I need to get away. I need to figure out who I really am. I think I’m just trying to make myself believe that I’ve got everything under control, when in reality, I’m clueless. I’m lost and I have no idea what to do next. I don’t even know.
I hate it when people tell me they can see the sadness in my eyes. Or hear the sadness in my voice. I hate it because it just means that I’m not trying hard enough to hide my feelings. Which means people will see right through me. See the depressing side of me. I hate that.

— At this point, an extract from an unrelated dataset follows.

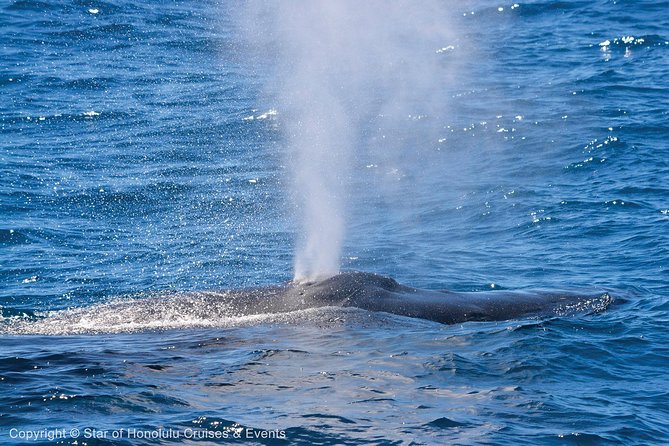 Early Bird Whale Watching Cruise From Waikiki - Customer Experiences and Feedback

I think it’s hard for me to let go because i simply just dont want to. I find myself wanting to stay stuck in the past, which is not a very good thing. Maybe it’s because holding on to the past makes me think that it will come back or stay. When in reality, that won’t happen. I’m just afraid to let go because I’m worried that I won’t ever find that happiness that I once had. I don’t even know if I make sense right now. But yeah.
Instead of actually hearing your voice at night, I end up having to listen to voicemails from you. And instead of actually talking to you, I end up re-reading all our old conversations.
I’m up all night missing you. While you’re probably not missing me. And it sucks.
Hey Nikki, I just wanted to check and see if you're okay, which is probably stupid to ask. But I'm going through similar problems, so..if you need someone to talk to, i got you! ..when i'm off anon, ahah.